Friday, September 1, 2017

Review of PAUWI NA: Pedaling from Perdition

September 1, 2017

There had been a lot of good word of mouth about this film when it won six major prizes in the first ToFarm filmfest last year, notably Best Actor for Bembol Roco and Best Actress of Cherry Pie Picache. Two weeks ago, this was chosen as one of the featured films during the first Pista ng Pelikulang Pilipino. Both times I missed this. Fortunately, the PPP films had extended showings in selected SM cinemas as part of its Cine Lokal program. Luckily, I was finally able to see it on  the last day of its extended run.

Pedicab driver Mang Pepe made a living delivering various loads around in the big market place. His family lived a miserable dead-end life in an urban slum area To help augment their financial requirements, his wife Remedios accepts laundry, his daughter Pina sold cigarettes, his son JP worked in construction but did petty thefts on the side. JP had a blind pregnant wife Isabel, who can see the resurrected Jesus Christ with her in their hovel.

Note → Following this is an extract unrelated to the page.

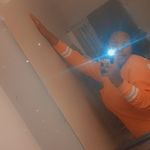 Tamra Murphy - @tamra.murphy.315 - Instagram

One day, Mang Pepe was able to get his hands on a big amount of money but kept this secret from his family. Instead he tells them all that he wants to pull out of the slum life they've led for the past 10 years, and go back home to their (unnamed) province. So the next day, all five of them and their pet dog Kikay rode two pedicabs and embarked on a very long, dusty, difficult road trip back home. 

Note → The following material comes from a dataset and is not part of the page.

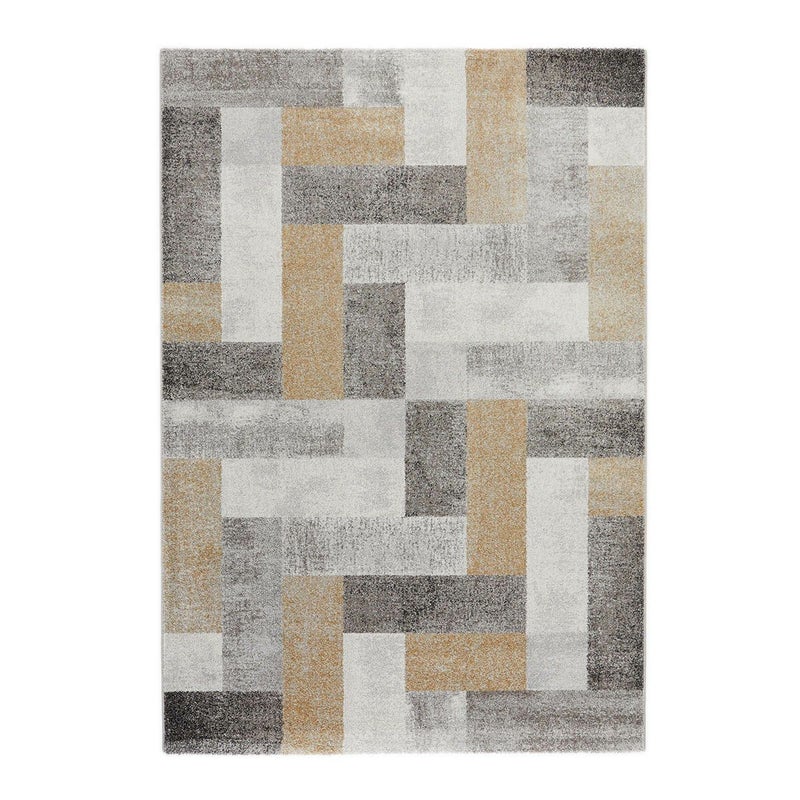 トラスト ベージュ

There have been a number of parallelisms made about this movie and another PPP movie "Patay Na Si Hesus". Both films have a family going on a long road trip with their pet dog. Both films had Chai Fonacier playing the daughter (but two very different characters). Both films also have a character named Hesus (one is the dead husband, the other is supposedly the real one). Their similarities though end with those similar elements. At their core, these are two very different films. 

Unlike "Patay" which is a black slapstick comedy first with dramatic elements, "Pauwi" is a serious drama first with occasional dark humor. The exhausting road trip of "Pauwi" was fraught with problems, frustrations and troubles day after day. Since they were only riding open pedicabs, they are constantly exposed to dangers of traffic, the elements, hunger and unsavory people. They just have their guts, wits and sense of humor to get them through, and of course, there is Jesus Himself traveling with them.

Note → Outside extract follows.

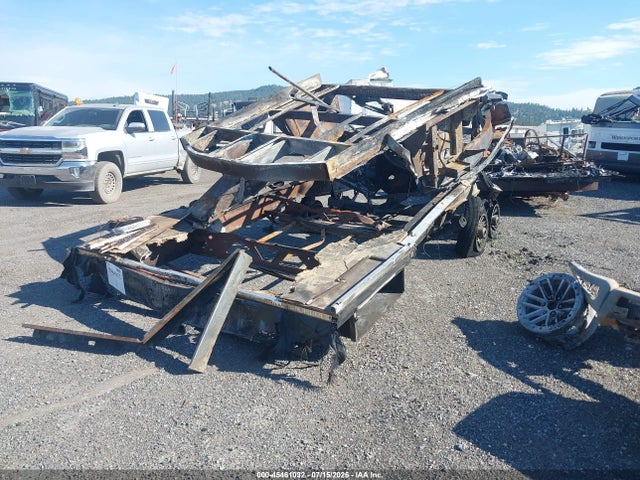 Dutchman Yukon 32 Ft 2021 4YDF32026MZ980797 Image 2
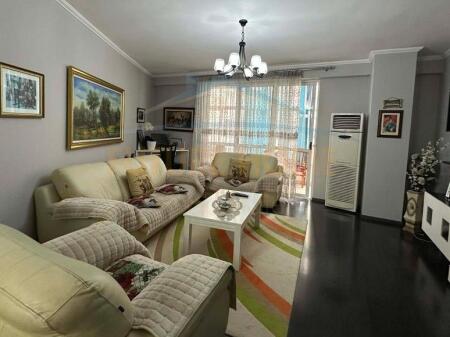 For sale, Apartment 2+1, New Ring, Tirana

Bembol Roco plays the father Mang Pepe and Cherry Pie Picache plays the mother Aling Remy. These two veteran actors really gave sincere and moving performances. Not only were their roles physically demanding, it was also very emotionally draining for both of them. That one scene where Aling Remy was asking Mang Pepe about this bad cough was probably enough to win them the awards by itself. Roco did not say anything in that scene, but his face and tears bared his very soul. 

Jerald Napoles plays the lazy rascal JP like it was second nature to him. Of all the characters, his was rather one-dimensional and not too well-developed as written. It was also hard to believe that he was the son of Picache when they looked like they were the same age (in reality Picache is 13 years older), especially in that apology scene at the church. 

Chai Fonacier also plays Pina very naturally, like how we saw her in in "Patay na si Hesus" and "Respeto". We feel her internal struggle here -- stay loyal to family or to break free and claim her future. Her scene waiting out the rain under a shed with the priest was wordless yet it was so effectively unsettling.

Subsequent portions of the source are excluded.